We live in an increasingly globalist society, yet the American populace seems to want a president who is wholly provincial. We want the president to ‘be ours’ and no one else’s. You cannot be (or maintain as) a super power if you can’t see past your own country. Maybe it’s just me, but I don’t think that McCain will be well-received internationally. How seriously can you take an aging cowboy who is in a near lock-step with the previous administration—an administration that has fostered so much ill-will internationally?

Clinton, as smart as she is, isn’t the trailblazer everyone wants or thinks her to be. In this country’s history, she is the only viable female presidential candidate—and she deserves to be recognized as such. However, in the international community, she’s not so special nor is she the first heavyweight female political figure on the global stage: Margaret Thatcher, Tansu Çiller, Angela Merkel, Benazir Bhutto, Megawati Sukarnoputri, Kim Campbell, and others share that distinction. And it sickens me to have to think of this election in terms of gender and race—because it only goes to show how backwards Americans are. People should be able to run for the highest office based on merit. More meritocracy is evidenced on American Idol than in our own political system. And it is the role of merit that makes Obama’s presidential run so frustrating.

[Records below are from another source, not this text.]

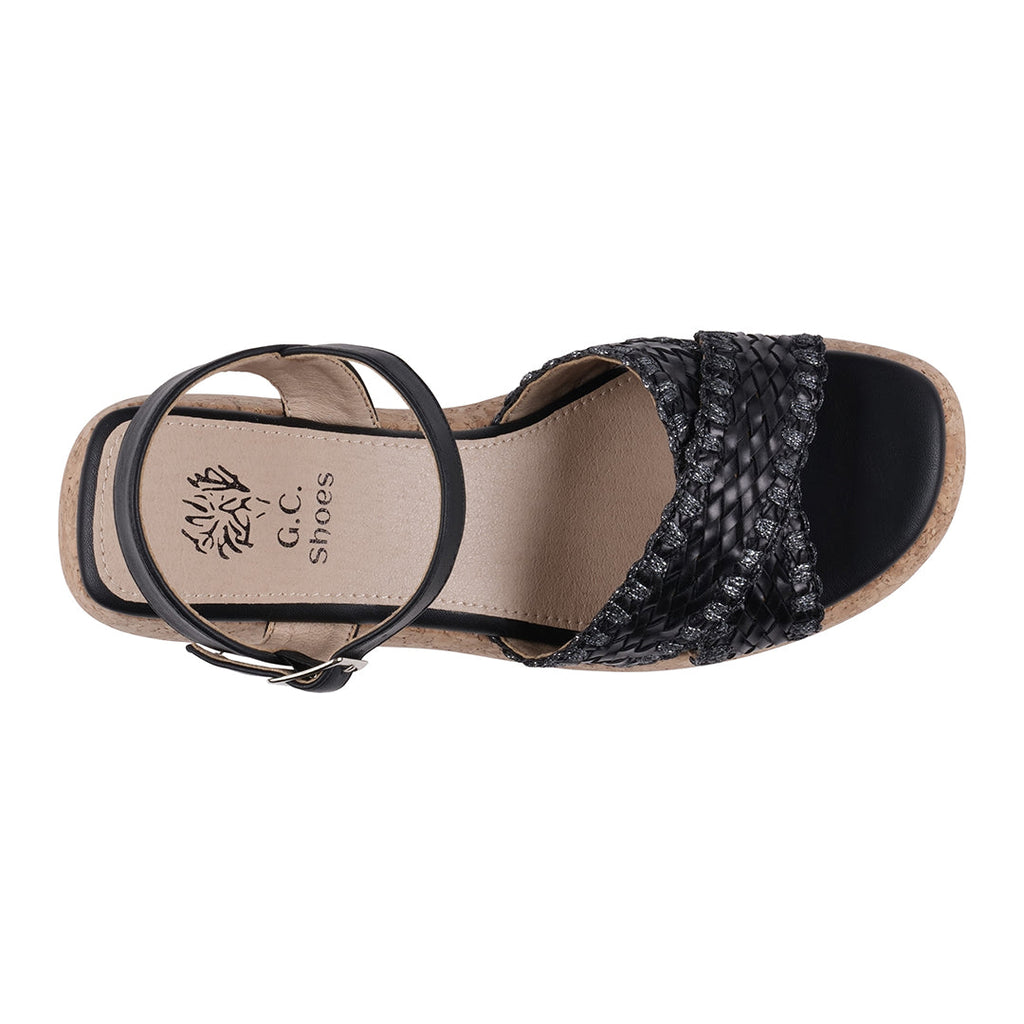 Black Cross Strap Slingback Platform Sandals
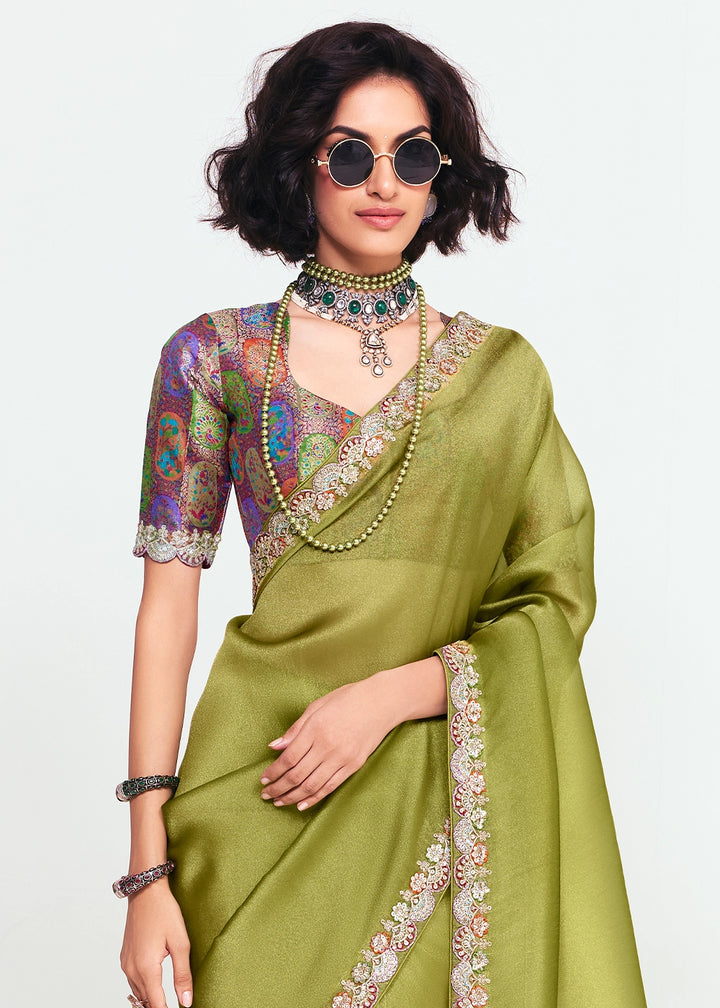 Olive Green Embellished Tissue Saree with Sequins and Thread Work
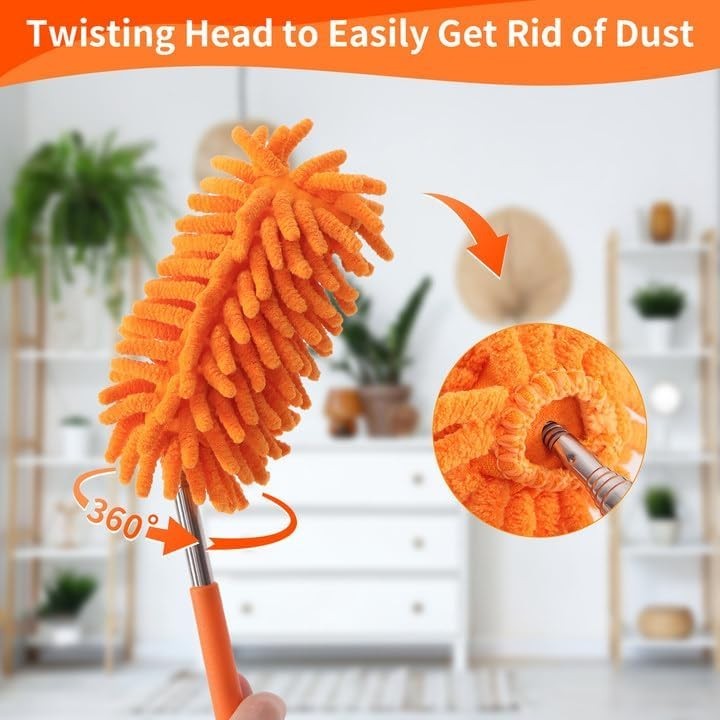 Mini Duster for Cleaning, 360° Bendable Hand Dusters with Extension Pole, Was…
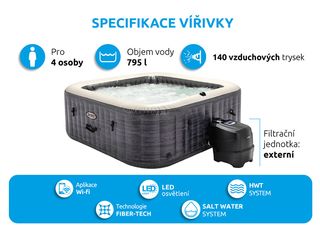 Obrázek 13 produktu Bazén vířivý nafukovací Pure Spa - Bubble Greystone Deluxe 4 AP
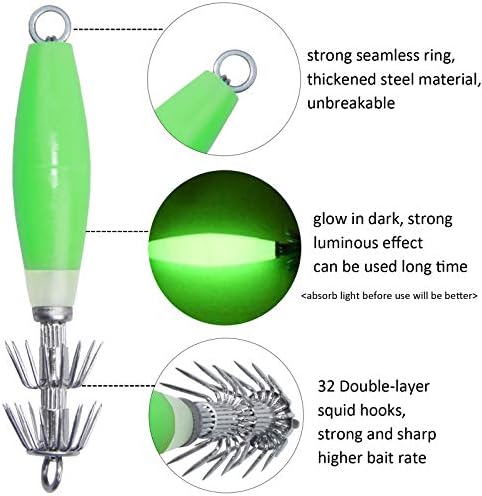 Luminous Squid Jig Hooks Stainless Steel Needles Fluorescent Fishing Cuttlefish Sleeve Squid Jig Baits Night Fishing Saltwater Lures Glow Squid Catcher Hard Baits - Image 2
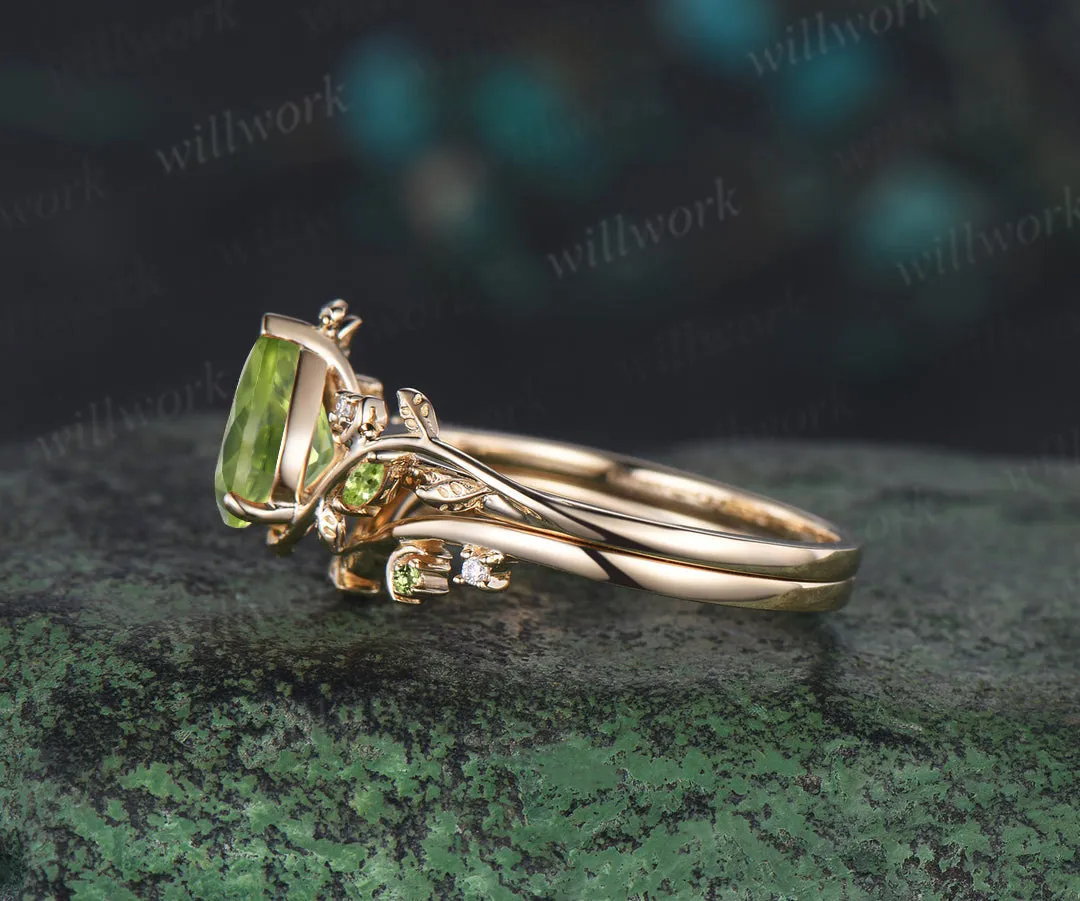 Vintage pear shaped peridot engagement ring twisted leaf moon Crystal gemstone wedding anniversary ring set gift sold by Willwork Jewelry product image thumbnail 4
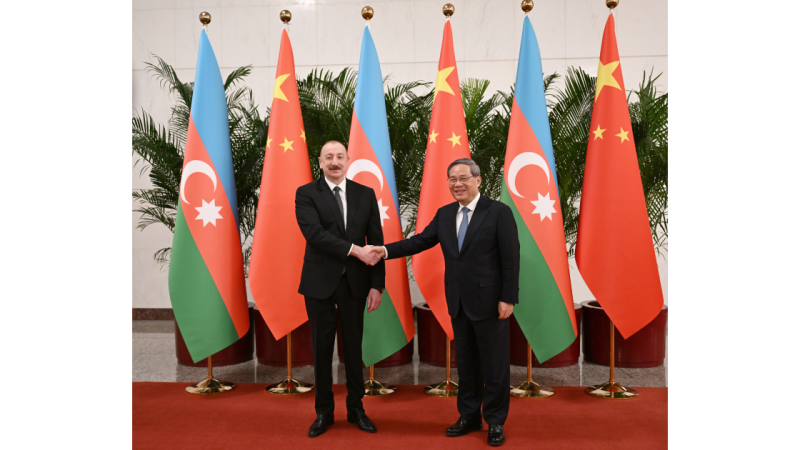 Azərbaycan Prezidenti İlham Əliyev Çin Dövlət Şurasının Baş naziri ilə görüşüb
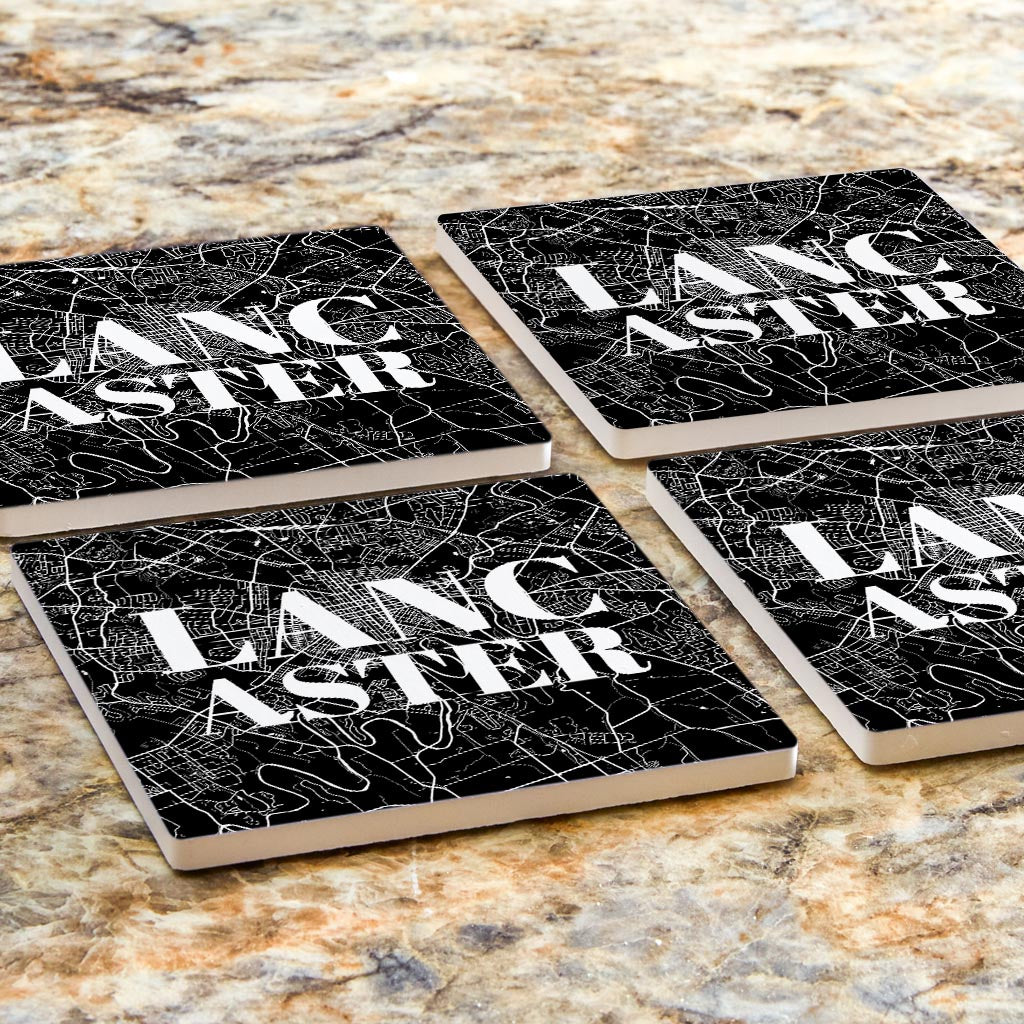 Minimalistic B&W Pennsylvania Lancaster Map | Absorbent Coasters | Set of 4 | Min 2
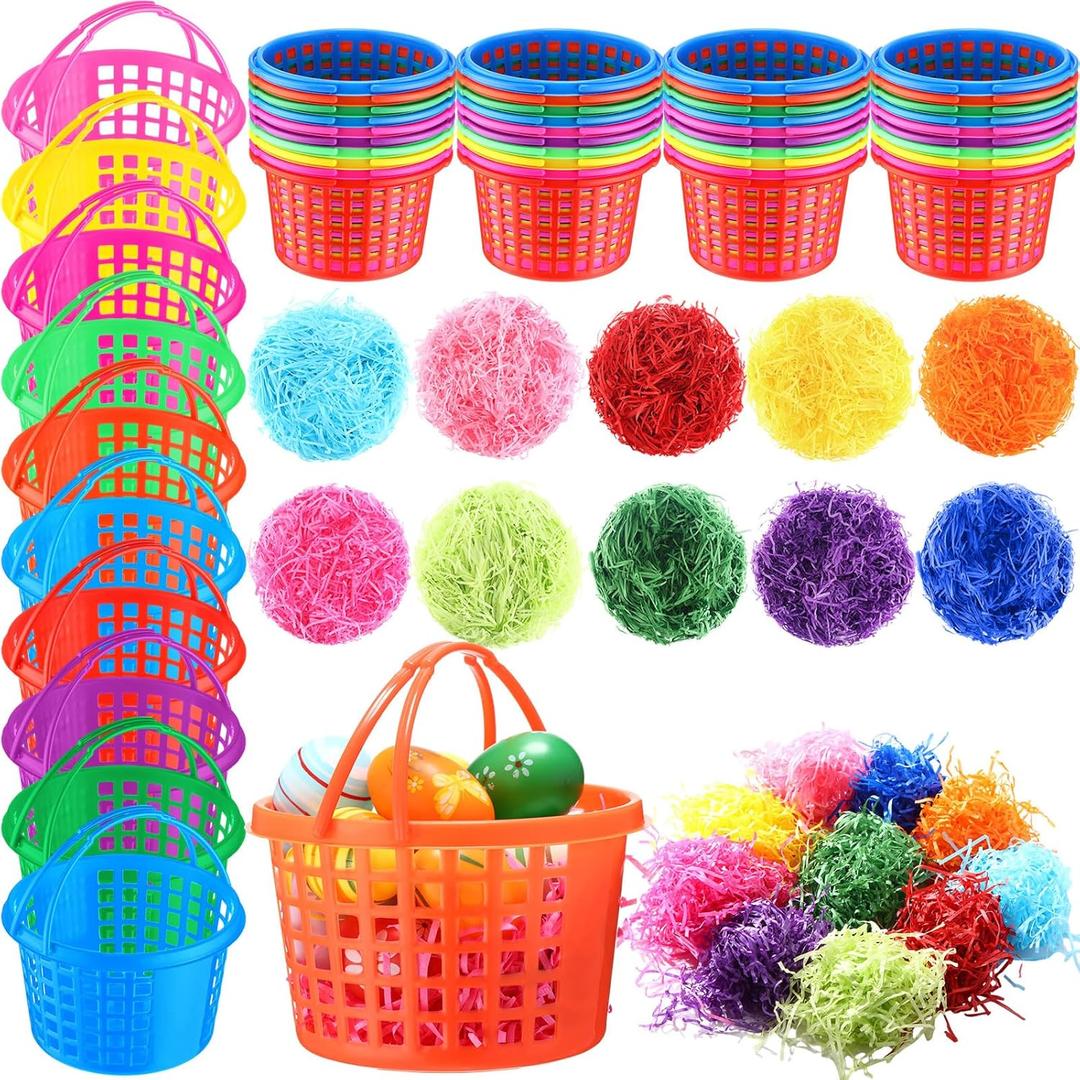 Wenqik 50 Pcs Plastic Easter Baskets for Kids Bulk 4.3 x 6.7 in Easter Egg Baskets Empty Plastic Buckets with Handle, 400g Easter Grass Stuffers Fillers for Party Favor Egg Hunt Gift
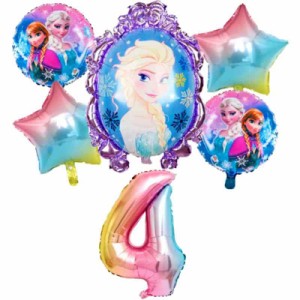 アナと雪の女王 ４歳 お誕生日バルーン プリンセス お祝い キャラクター 女の子 パーティー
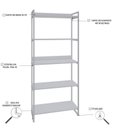 Ver imagem 5 de Estante para Livros Industrial 187cmx80cm 5 Prateleiras Kuadra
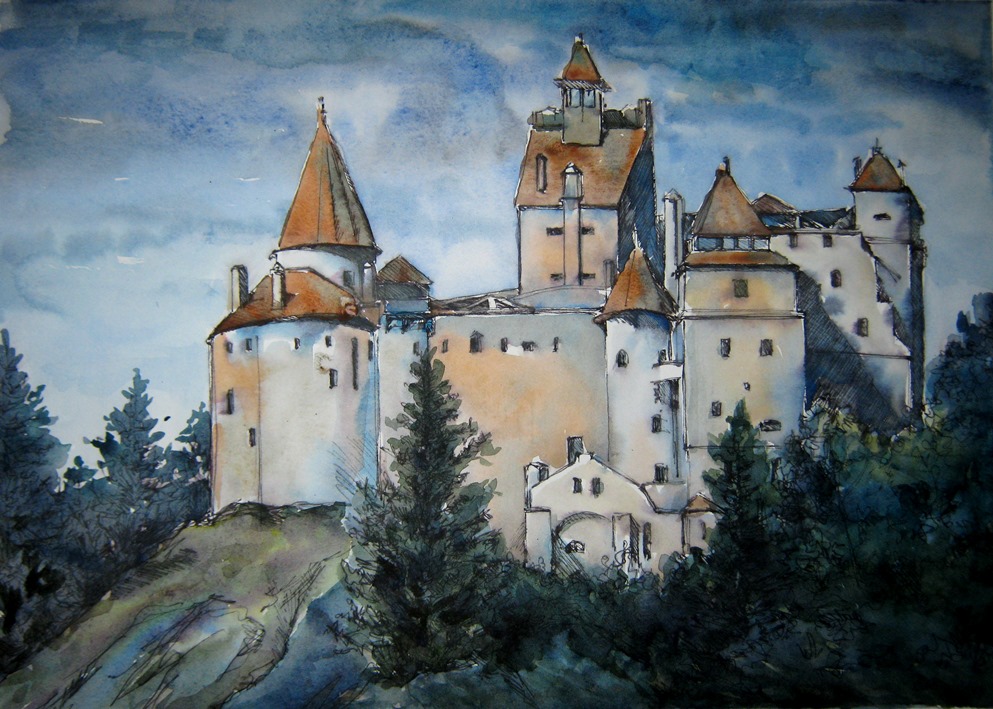 Рисунок старой крепости. Замок Дракулы акварель. Замок Нойшванштайн акварель. Замок Карлштейн рисунок. Замок Каркассон акварель.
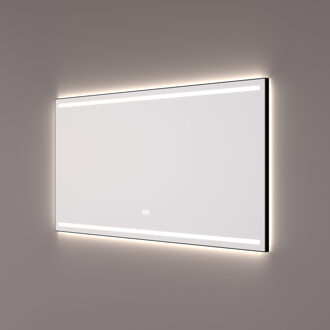 Spiegel Hipp Design SPV 7000 Rechthoek 140x70 cm Met Frame Mat Zwart Met Verlichting Incl. Spiegelverwarming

As far as the international piece goes, he is more prepared than both Clinton and McCain (even though he saw combat in a different country) combined.
Barack is biracial and from his earliest days had to view the world through a transcultural lens. He grew up in Indonesia and Hawaii, and lived and worked in Chicago; three cultural melting pots. You’re not getting much international flavor in Arkansas or Arizona. His being an attorney calls in to question his moral and ethical fortitude, but just based on his upbringing, he has been better prepared for engagement with the international community than either Clinton or McCain.

Folks want to argue that Clinton’s eight years in the White House has given her the training she needs to tackle international problems. A quick aside: I keep harping on the need for a president to be ready for international matters because I truly feel that local governments should be able to handle all domestic problems.
Just because Clinton is married to one of the greatest (yet ethically malleable) political minds of our time does not mean that she is ready. Being the President of the United States is not a meme you can catch. It takes hard work and you don’t learn it through osmosis. But her exposure to the presidential process, foreign ministers, international travel does give her a leg up on Obama, in theory.

What it will boil down to is who utilizes their skill-set in the best possible way. Can Clinton take those eight years and parlay them into an effective presidency? A presidency that will completely and totally eclipse her husband’s storied run? Or can Obama operate from his profoundly transcultural context and embrace the entire world with more than just fancy rhetoric and youth galvanization? And McCain…we don’t need Bush-lite. McCain is the Billy beer of this presidential race—amusing, yet awkward and really spooky under close scrutiny.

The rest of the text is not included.